Solving The Anagram Problem

anagram solution, designing an anagram solution, abstract program solution, abstract anagram solutions

Designing and implementing a program to verify two phrases form an anagram requires detail beyond the initial definition or general problem statement. In an authentic situation, software developers often create multiple views of a solution using various notations. Some views express an overall solution, others focus on sub-problems, and each may target a different audience or serve a different purpose. Similarly, depending on a program's complexity, software developers may represent it at various levels of abstraction or degrees of specificity. Higher levels of abstraction allow developers to focus on what the program does, while lower levels focus on how it does it.

Structured Prose

structured prose, prose anagram solution, natural language

Most audiences can follow a solution stated in prose (1(a)), but the complexity of natural languages often makes these solutions ambiguous and subject to various interpretations. Structuring the prose, such as with a hierarchical list, increases precision and narrows the interpretations.

  1. Prompt the user to enter and read two strings from the console (a familiar operation)
  2. Normalize each string to an easily-compared standard form:
    • Remove all space and punctuation characters
    • Convert all letters to a single case (either upper or lower)
  3. To qualify as an anagram, both strings must contain the same number of each alphabetic letter: the program counts the number of occurrences of each letter (the number of a's, the number of b's, etc.) in each string
  4. Compare the character counts; the strings are an anagram if and only if all counts are equal
Structured prose anagram solution. A structured prose solution is suitable for a client or a subject-matter expert (SME) to understand and verify a solution's accuracy. It is also suitable for guiding the overall development and organization of a program. However, it is often too abstract and lacks sufficient detail for programmers to implement in a computer program. Developers often find a lower-level representation, one closer to a program or function, a useful step to transition from a solution to a program.

Pseudocode

pseudocode, algorithms, anagram algorithms
Pseudocode is a description of the steps in an algorithm using a mix of conventions of programming languages (like assignment operator, conditional operator, loop) with informal, usually self-explanatory, notation of actions and conditions. Although pseudocode shares features with regular programming languages, it is intended for human reading rather than machine control. Pseudocode typically omits details that are essential for machine implementation of the algorithm, meaning that pseudocode can only be verified by hand.

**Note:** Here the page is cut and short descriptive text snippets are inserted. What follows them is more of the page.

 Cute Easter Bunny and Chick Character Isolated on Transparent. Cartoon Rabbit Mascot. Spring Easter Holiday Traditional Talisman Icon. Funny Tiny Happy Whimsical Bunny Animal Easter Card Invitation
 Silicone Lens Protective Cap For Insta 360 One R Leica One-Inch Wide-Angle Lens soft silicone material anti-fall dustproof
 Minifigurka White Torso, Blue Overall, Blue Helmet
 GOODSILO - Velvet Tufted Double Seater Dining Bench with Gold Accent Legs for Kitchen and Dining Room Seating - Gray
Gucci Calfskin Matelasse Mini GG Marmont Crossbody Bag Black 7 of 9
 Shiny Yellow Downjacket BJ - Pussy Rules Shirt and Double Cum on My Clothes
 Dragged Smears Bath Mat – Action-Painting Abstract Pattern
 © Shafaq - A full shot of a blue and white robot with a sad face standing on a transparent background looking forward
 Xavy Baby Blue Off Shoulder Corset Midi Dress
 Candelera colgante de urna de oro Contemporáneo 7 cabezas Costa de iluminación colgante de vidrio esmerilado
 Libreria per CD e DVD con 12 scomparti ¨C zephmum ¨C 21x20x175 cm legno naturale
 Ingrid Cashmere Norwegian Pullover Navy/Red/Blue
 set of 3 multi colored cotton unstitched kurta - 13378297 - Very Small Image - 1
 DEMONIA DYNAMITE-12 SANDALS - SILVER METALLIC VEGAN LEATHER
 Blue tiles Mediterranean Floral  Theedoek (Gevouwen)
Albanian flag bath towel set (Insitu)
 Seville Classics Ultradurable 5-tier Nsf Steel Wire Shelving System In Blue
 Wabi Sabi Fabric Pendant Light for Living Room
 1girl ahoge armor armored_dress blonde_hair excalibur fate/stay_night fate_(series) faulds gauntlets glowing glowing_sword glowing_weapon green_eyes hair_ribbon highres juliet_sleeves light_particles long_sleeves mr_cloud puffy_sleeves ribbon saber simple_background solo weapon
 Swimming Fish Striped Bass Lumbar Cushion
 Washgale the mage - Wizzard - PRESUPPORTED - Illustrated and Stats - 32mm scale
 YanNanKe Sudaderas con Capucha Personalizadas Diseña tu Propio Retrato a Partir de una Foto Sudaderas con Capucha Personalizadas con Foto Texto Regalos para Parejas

Pseudocode is an intermediate abstract representation that is generally more precise than prose while remaining high enough to retain a focus on logic without becoming mired in detail. As such, pseudocode is an ideal notation for developing and conveying algorithms. The following examples use pseudocode to express the algorithms for solving the anagram problem. This approach allows developers to refine algorithms before spending time programming them.

Normalizing The Input

anagram input, normalizing anagram input, anagram normalization algorithm

Comparing the two candidate strings that potentially form an anagram is easier if they are in the same format. The first algorithm normalizes the strings. To normalize the strings means "to make [them] conform to or reduce [them] to a norm or standard" form. For the anagram program, a convenient normalized form eliminates spaces and punctuation, and converts the remaining letters to the same case - the algorithm arbitrarily chooses lowercase. If implemented as a function, the algorithm can process both candidate strings.

define the variable phrase and initialize it to empty

for each character, c, in the input
{
	if c is an alphabetic letter
	{
		make c lowercase
		append c to phrase
	}
}
The anagram normalization algorithm. The algorithm creates a new, empty phrase to store the normalized input, retaining the original for later use. For each character in the input, if that character is alphabetic ('A'-'Z' or 'a'-'z'), the algorithm converts it to a lowercase letter and appends it to the new phrase. It omits non-alphabetic characters. After normalization, the two example strings become:
tobeornottobethatisthequestionwhetheritsnoblerinthemindtosuffertheslingsandarrowsofoutrageousfortune
inoneofthebardsbestthoughtoftragediesourinsistentherohamletqueriesontwofrontsabouthowlifeturnsrotten

Counting Letter Occurrences

counter letter occurrences, array-elements as counters, counting anagram characters

Once the previous algorithm has removed the spaces and punctuation characters from the candidate phrases and converted all the letters to the same (lower) case, the next step is counting the occurrences of each letter: the number of a's, b's, ..., and the z's. Consequently, to test for anagrams in English, the algorithm requires 26 counters - one counter for each letter in the (English) alphabet.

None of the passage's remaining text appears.